In Office SharePoint Server 2007, search is a shared service available at the SSP level. The Office SharePoint Server 2007 search system consists of two main server roles: the index server and the query server.
Crawling and indexing are resource-intensive operations. Crawling content is the process by which the system accesses and parses content and its properties to build a content index from which search queries can be serviced. Crawling consumes processing and memory resources on the index server, the query server or servers servicing the crawl operations, the server or servers hosting the content repository that is being crawled, and the database server that is serving the Office SharePoint Server 2007 farm.
Crawls affect the overall performance of the system, and directly affect user response time and the performance of other shared services in the farm as well as the Web service on the query server that services crawl operations. You can dedicate a query server for crawling operations to reduce the load on other farm servers.
Indexing the crawled content can also affect the overall performance of the system if crawl operations are not assigned to a dedicated query server. If search-related operations constitute a significant portion of farm operations, consider deploying a dedicated query server. See the Dedicated query server for crawling section in this article for more information.

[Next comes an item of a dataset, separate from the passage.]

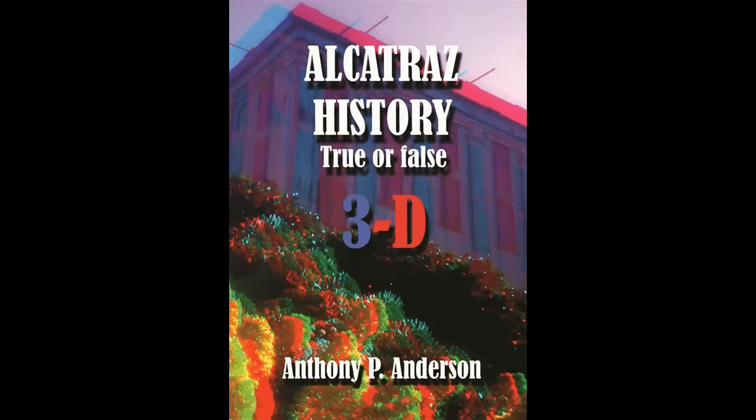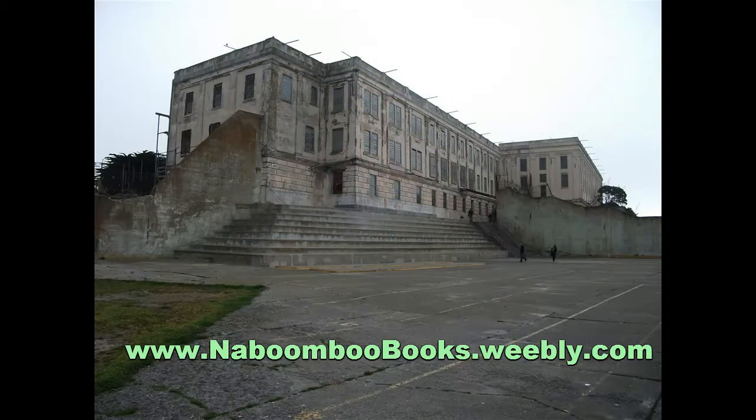Alcatraz History True or False 3D by Anthony Anderson. To order yours, visit www.nabumbubooks.weebly.com.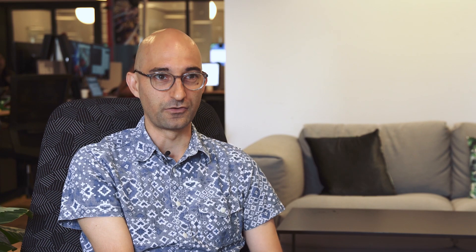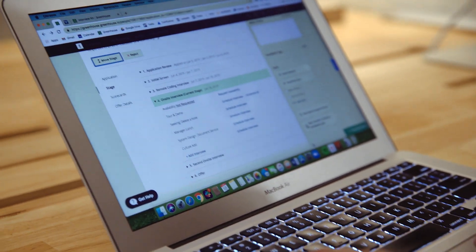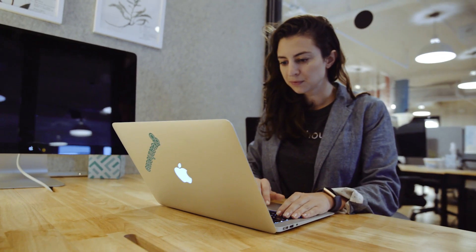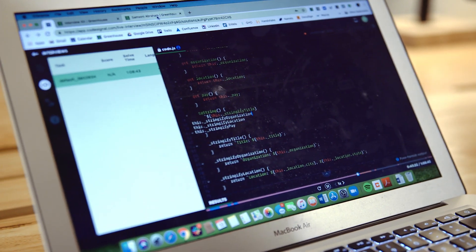Our pass-through rates were very high, which meant that a lot of people came on-site when it was unnecessary for them to do so. We switched over to CodeSignal and were able to give a very structured coding assessment where a candidate can show their specific skills and we can assess whether they're a correct fit for the role or not.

Use the information in this section to specify requirements for index servers in your Office SharePoint Server 2007 farm.
Index server CPU
The index server processor speed influences the crawl speed and the number of crawling threads that can be instantiated. Although there is no specific number or type of processors that are recommended, you should consider the amount of content that will be crawled when determining the index server requirements. In an enterprise environment, the index server should have multiple processors to handle a large indexing load.
The following table shows how crawl speed increases as the number of processors available on the index server increases.
| Number of processors | Percentage of improvement in crawl speed |
|
1
|
0.00
|
|
2
|
10.89
|
|
4
|
19.77
|
|
8
|
30.77
|
Index server memory
On the index server, documents are loaded in buffers for processing by the crawler engine. In a farm with a corpus of approximately 1 million documents, the index server requires approximately 1.5 GB of memory. After a document is processed in memory, it is written to disk. The greater the memory capacity, the more documents the crawler can process in parallel, which results in improved crawl speed.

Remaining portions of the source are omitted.